Process maps for melt pool size and residual stress in laser-based solid freeform fabrication

In Solid Freeform Fabrication (SFF) processes involving thermal deposition, thermal control of the process is critical for obtaining consistent build conditions and limiting residual stress-induced tolerance losses. This thesis investigates the effects of changes in process variables and part geometry on melt pool size and a defined temperature gradient which are key parameters linked to build conditions and residual stress respectively. The principal application of this thesis is to Laser Engineered Net Shaping (LENS) process, the SFF process developed at Sandia National Laboratories. In LENS, fully dense metal parts are constructed by continuous injection of metallic powder into a pool of molten metal created by a focused laser beam. The laser beam is slowly moved to trace out the geometry of the desire part. In addition to LENS, the general approach and many findings of this research are applicable to any SFF process involving a moving heat source and to laser welding processes.; In this thesis, nondimensionalized plots (termed process maps) are developed from thermomechanical finite element simulations of a laser-based thermal deposition process using temperature-dependent material properties of stainless steel.
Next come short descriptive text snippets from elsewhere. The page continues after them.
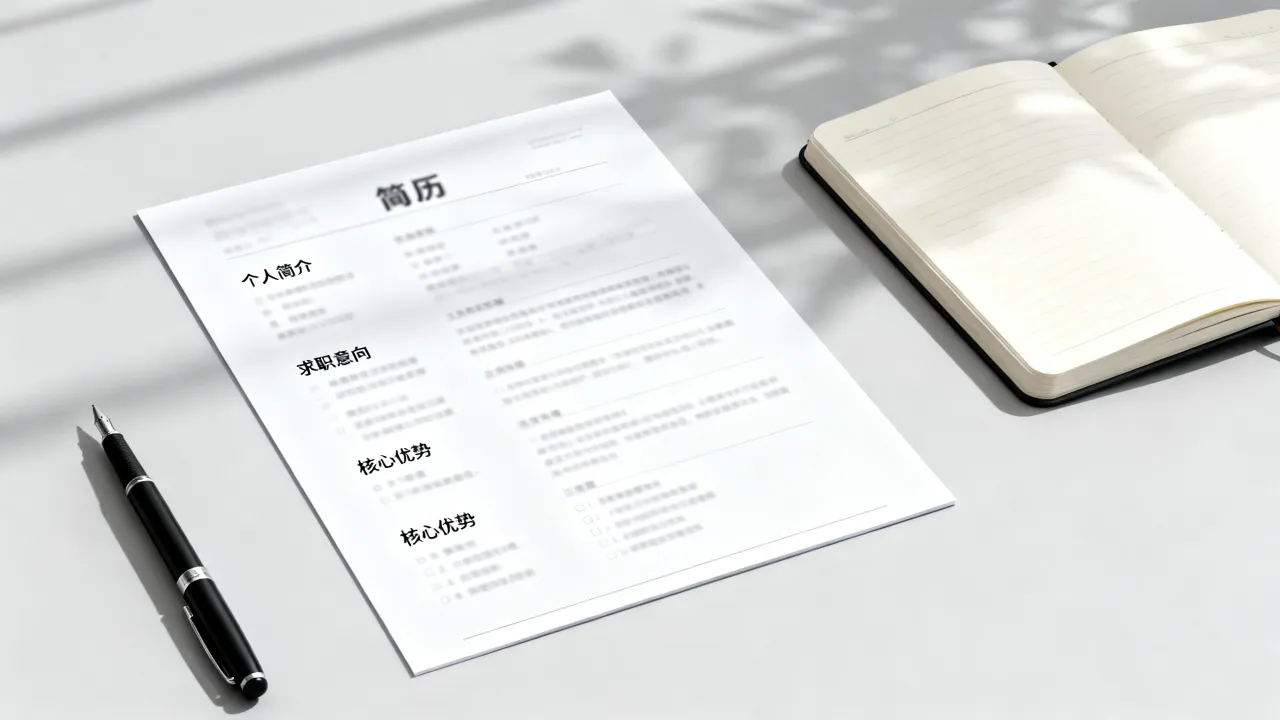 个人简历简介怎么写,有哪些让人眼前一亮的写作技巧?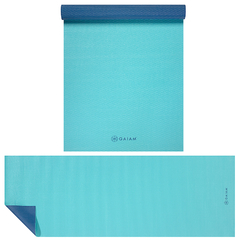 Colchoneta Yoga Pilates Mat 4mm Estampada Gaiam Antideslizante - comprar online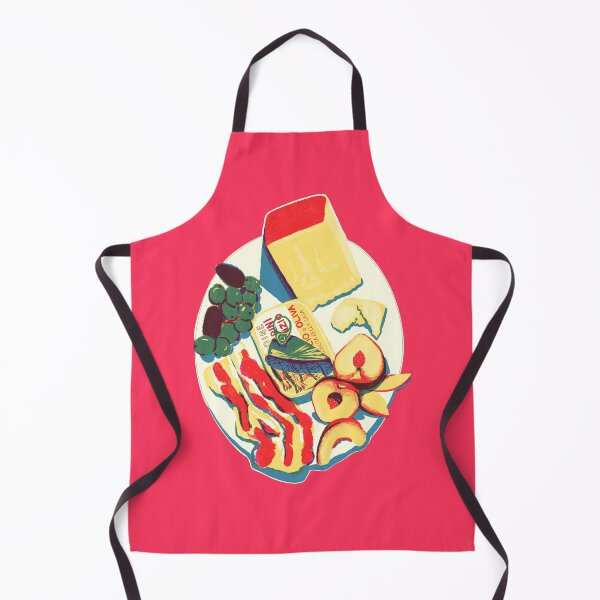 Item preview, Mediterranean Food (Pink) designed and sold by CinziaDuan.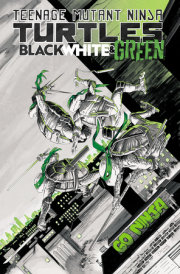 Teenage Mutant Ninja Turtles: Black, White, and Green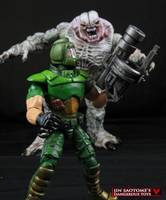 Doom Hell Knight (Doom) Custom Action Figure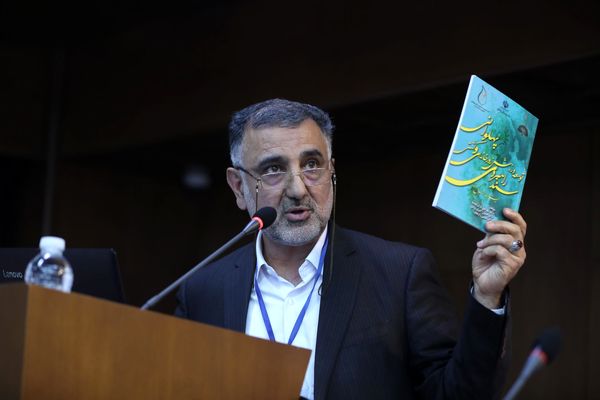 بارانچشمه رئیس فدراسیون ورزش زورخانهای و کشتی پهلوانی شد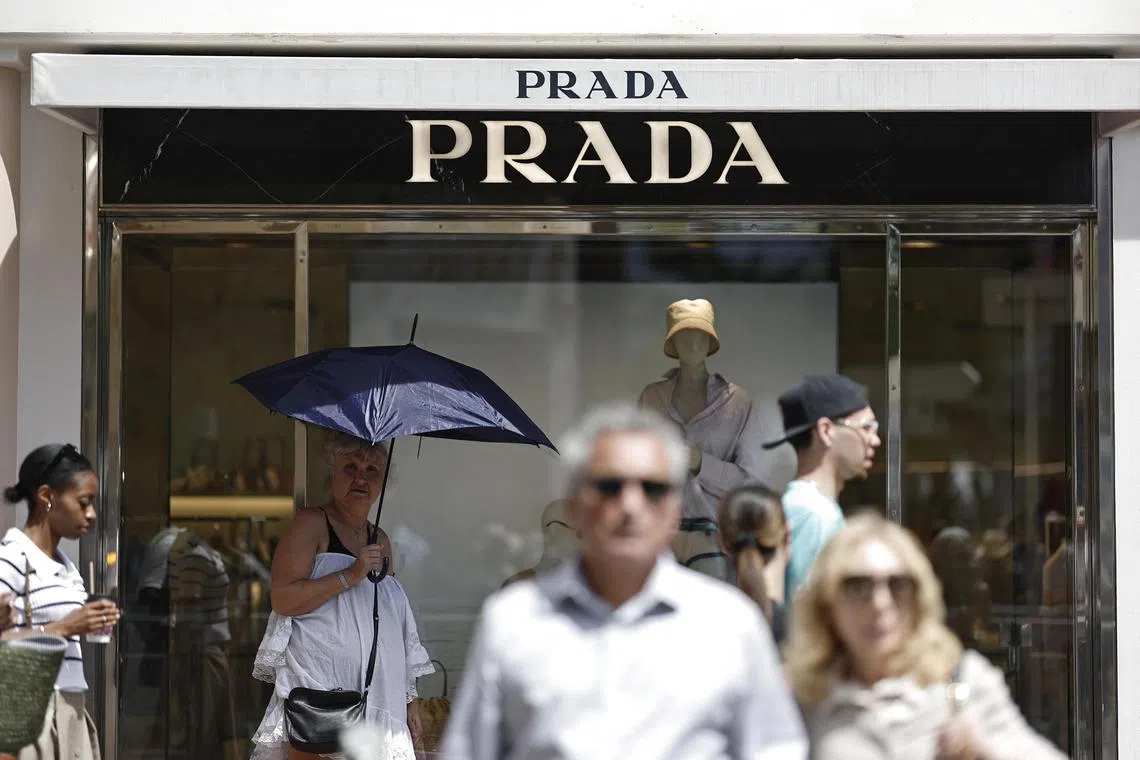 Net revenue at Prada, which will soon include Versace after a US$1.4 billion takeover, totalled 2.74 billion euros.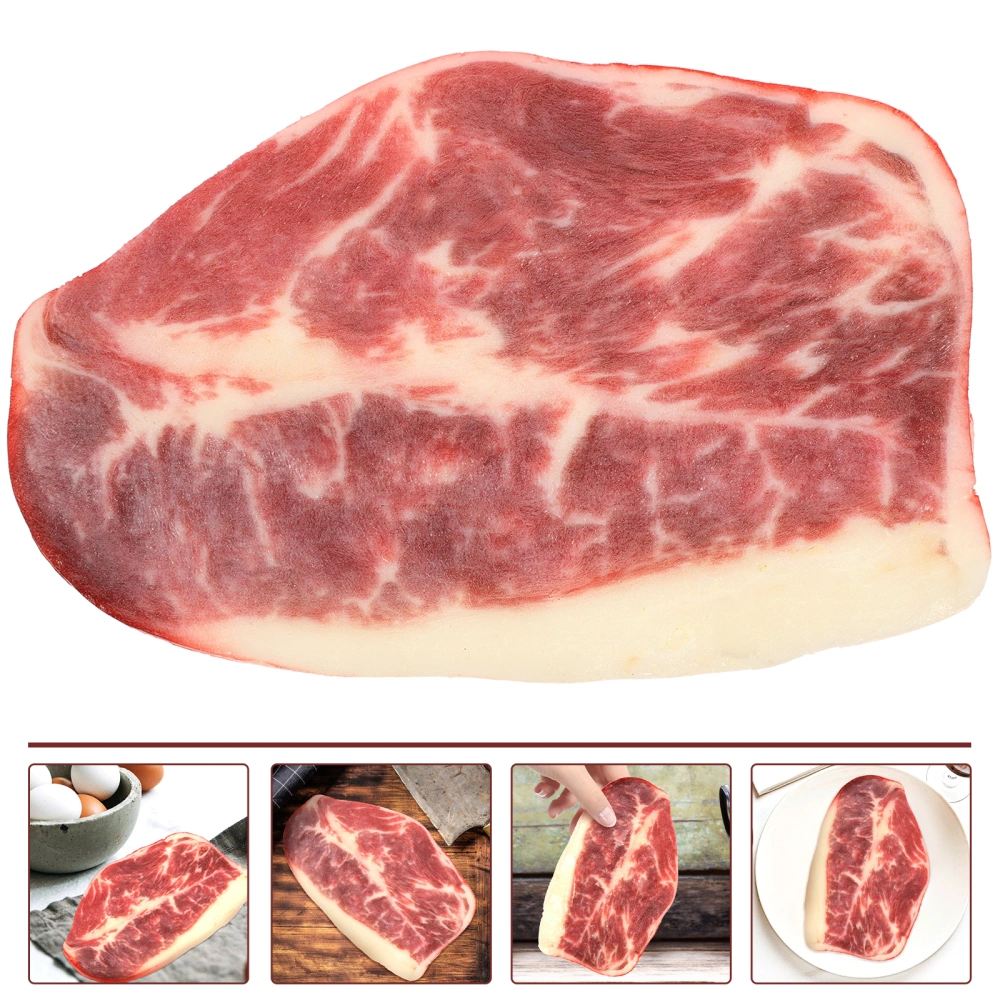 Fake Food Meat Fake Cooked Meat Kitchen Meat Model Lifelike Meat Decoration Restaurant Prop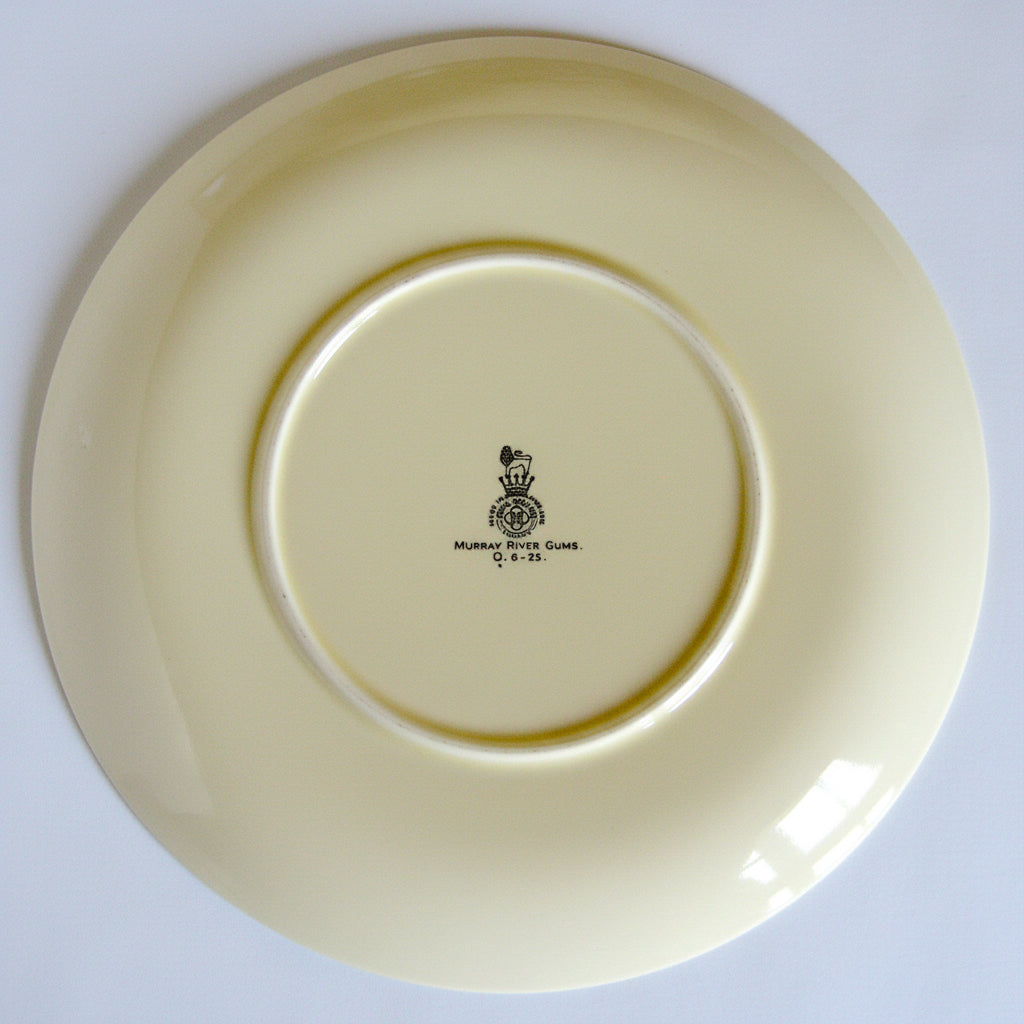 Royal Doulton Murray River Gums Photolithography collector's plate D6425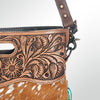 ADBGS146 Crossbody Genuine Western Leather Women Bag Caddy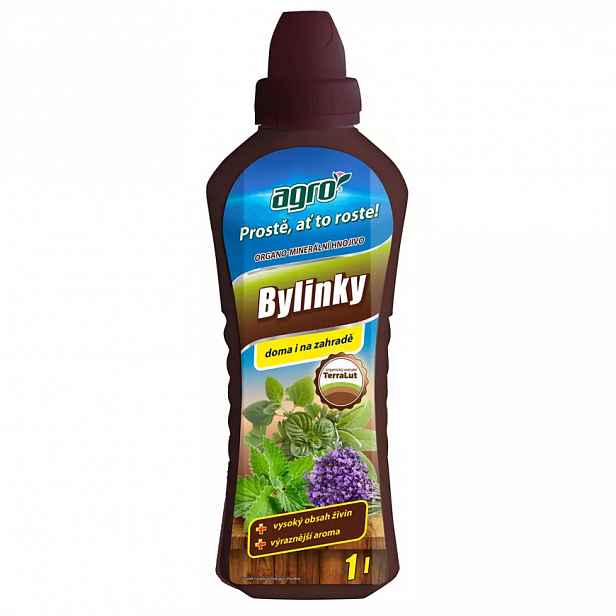 AGRO OM kapalné hnojivo bylinky 1 l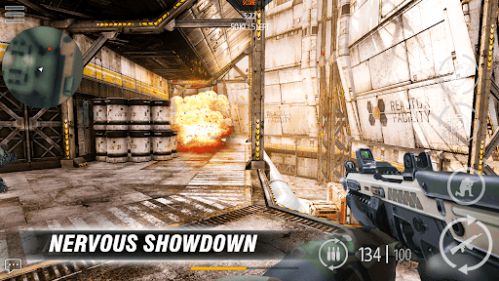 Anti-terrorism missions in Call of modern FPS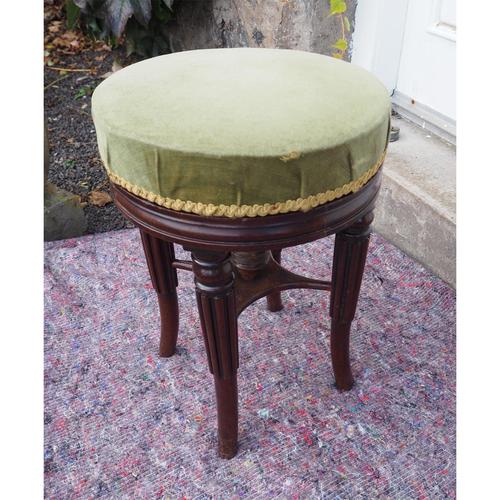Gillows Adjustable Mahogany Piano Stool (1 of 4) Gillows Adjustable Mahogany Piano Stool (1 of 4)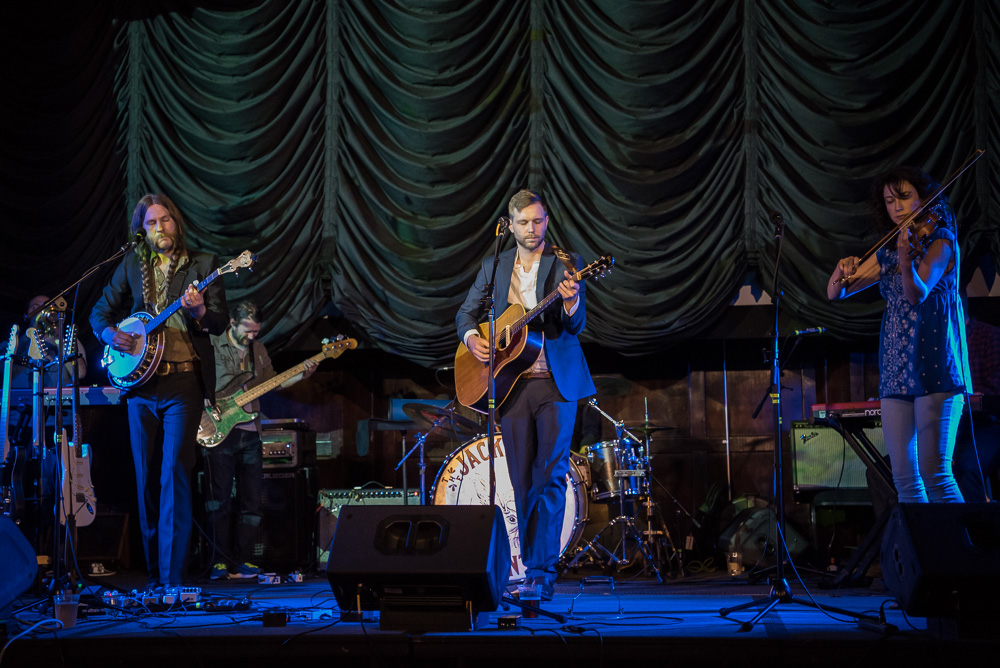 The Jackalope Saints, Mission Theater, photo by Miss Ellanea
Use of a normalization technique based on analytical solutions of conductive heat transfer allows a large number of numerical results to be collapsed into an easily used format. Consequently, the errors caused by temperature-dependent properties are kept within acceptable limits. Procedures for developing and using of process maps are detailed for thin-walled and bulky structures. These two structures are fundamental geometries commonly fabricated by the LENS and other SFF processes. Predictions extracted from the developed process maps are also compared against available experimental results with reasonable agreement. The results of this thesis include comprehensive guidelines for maintaining optimal build conditions while limiting residual stress throughout the building of parts, as well as strategies to be applied during the transition between the thinwalled and bulky structures. In addition, the stress results demonstrate the link between a defined temperature gradient and thermally induced residual stress and identify the mechanisms for reducing the magnitude of residual stresses.